## Exercise brief
Once the pictures are set aside, transcribe each line of the data exactly.

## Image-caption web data

#####

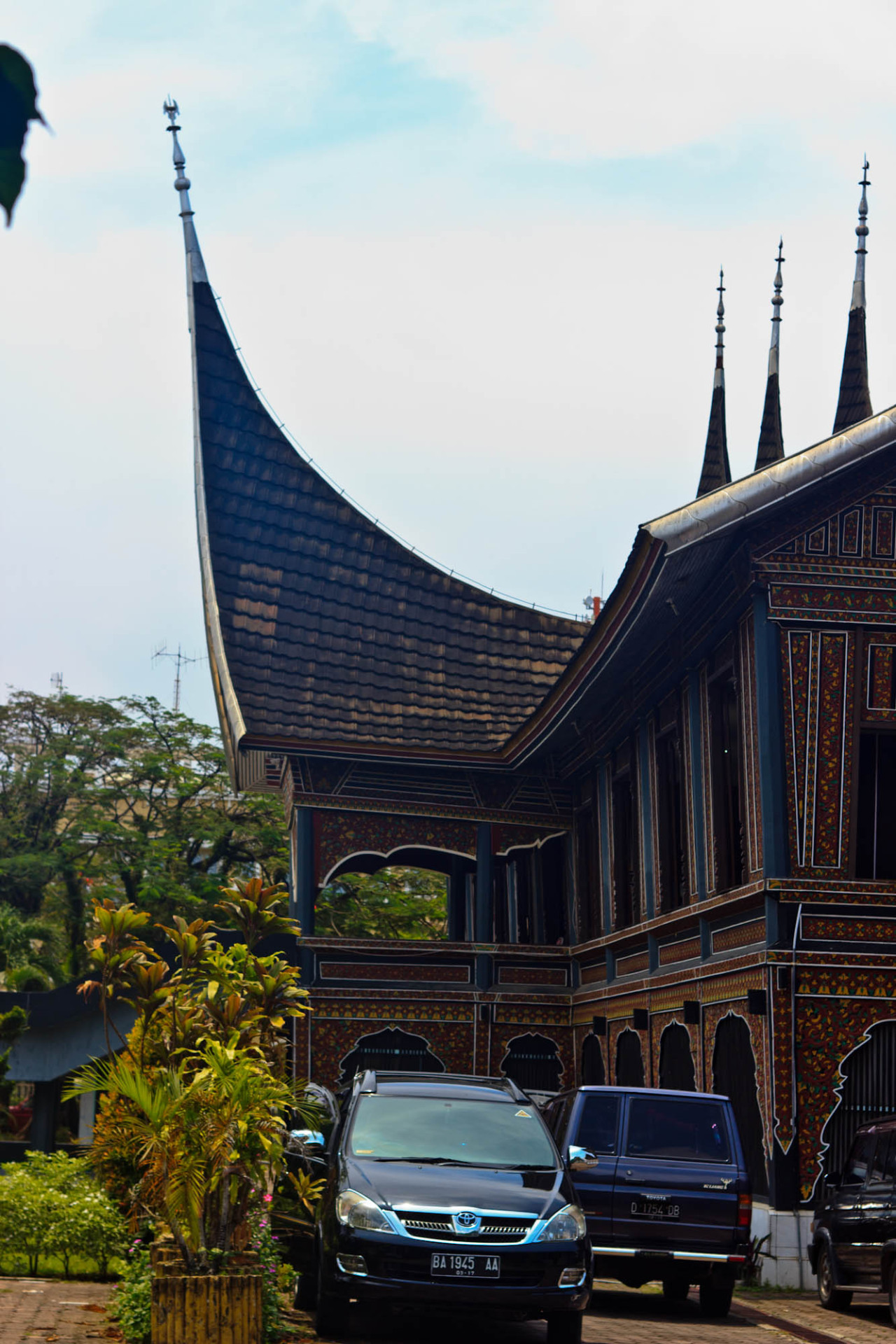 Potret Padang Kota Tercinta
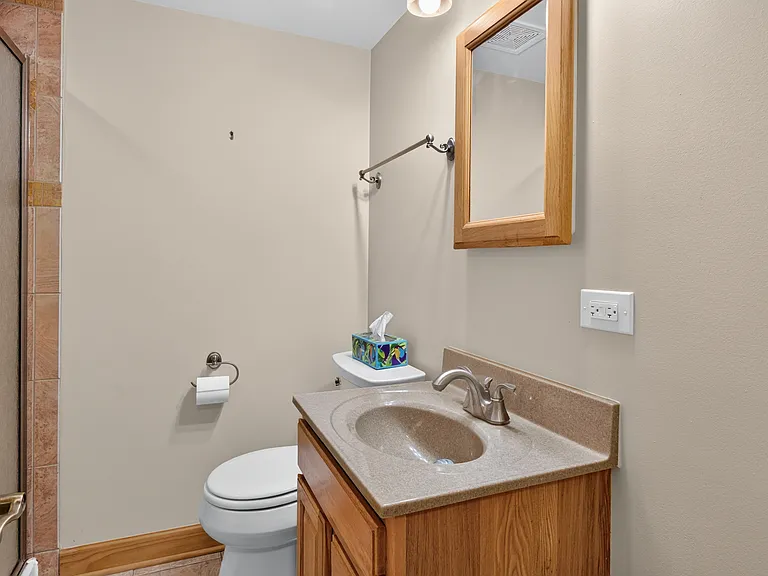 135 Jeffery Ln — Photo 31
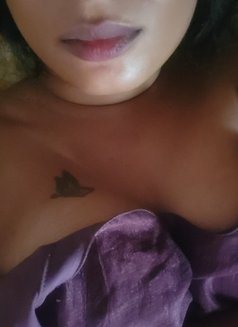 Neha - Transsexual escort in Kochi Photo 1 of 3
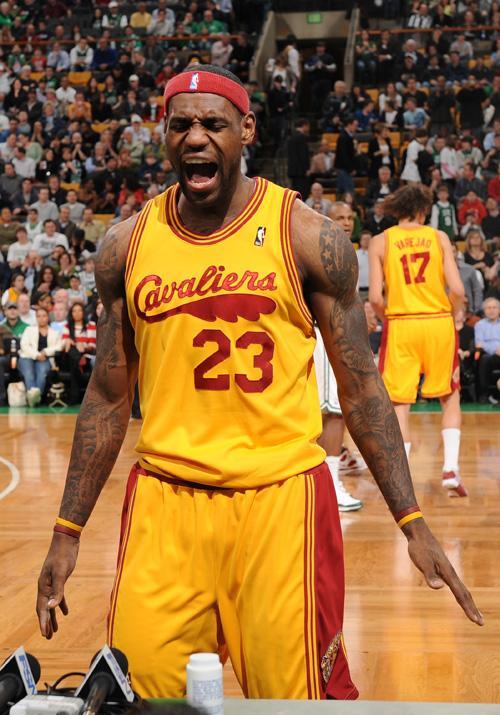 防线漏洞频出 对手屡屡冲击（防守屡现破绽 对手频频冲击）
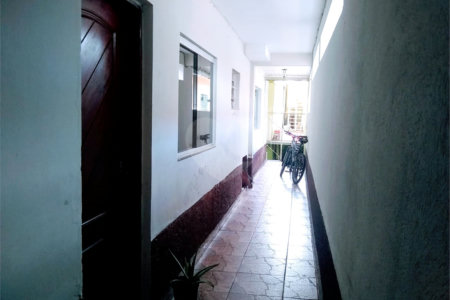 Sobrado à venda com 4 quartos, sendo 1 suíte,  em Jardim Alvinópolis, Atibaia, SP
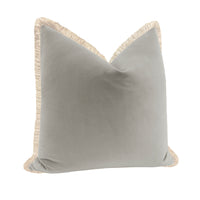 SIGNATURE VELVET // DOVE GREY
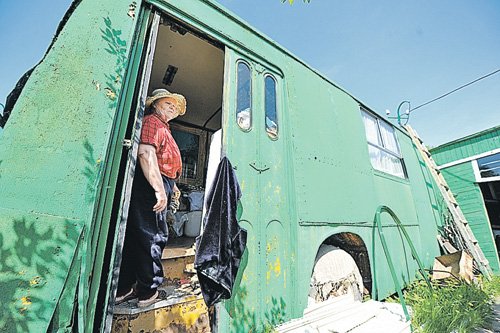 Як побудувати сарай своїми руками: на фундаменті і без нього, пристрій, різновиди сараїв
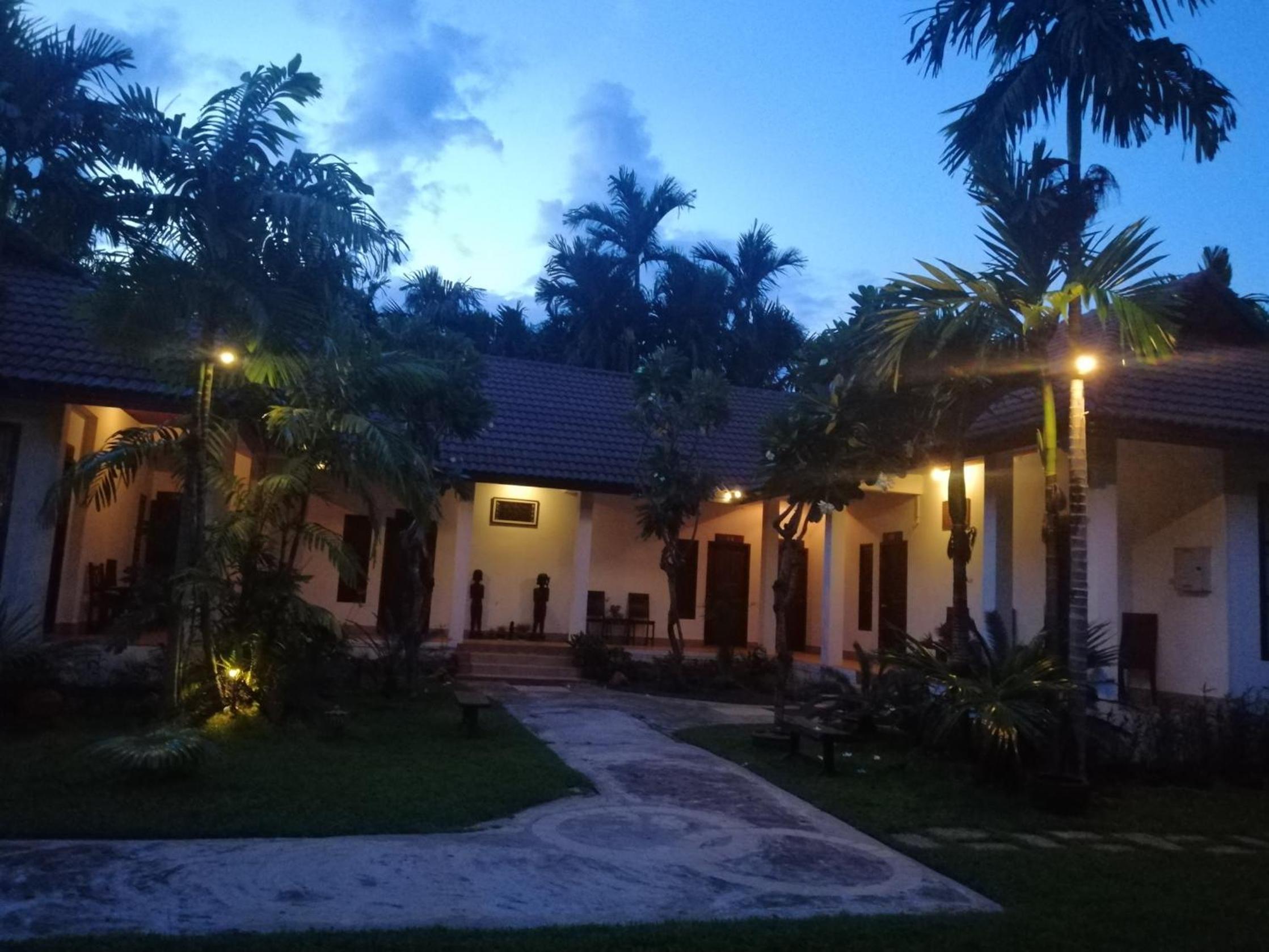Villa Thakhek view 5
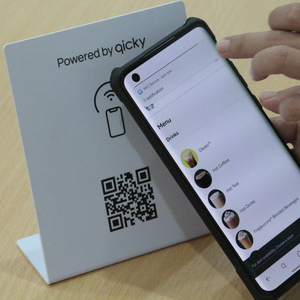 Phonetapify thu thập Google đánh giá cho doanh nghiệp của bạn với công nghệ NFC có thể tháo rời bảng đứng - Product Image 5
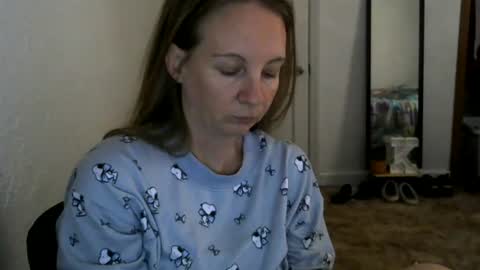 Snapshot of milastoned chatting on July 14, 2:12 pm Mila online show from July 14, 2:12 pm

#####

## Your solution
 Potret Padang Kota Tercinta
 135 Jeffery Ln — Photo 31
 Neha - Transsexual escort in Kochi Photo 1 of 3
 防线漏洞频出 对手屡屡冲击（防守屡现破绽 对手频频冲击）
 Sobrado à venda com 4 quartos, sendo 1 suíte,  em Jardim Alvinópolis, Atibaia, SP
 SIGNATURE VELVET // DOVE GREY
 Як побудувати сарай своїми руками: на фундаменті і без нього, пристрій, різновиди сараїв
Villa Thakhek view 5
 Phonetapify thu thập Google đánh giá cho doanh nghiệp của bạn với công nghệ NFC có thể tháo rời bảng đứng - Product Image 5
 Snapshot of milastoned chatting on July 14, 2:12 pm Mila online show from July 14, 2:12 pm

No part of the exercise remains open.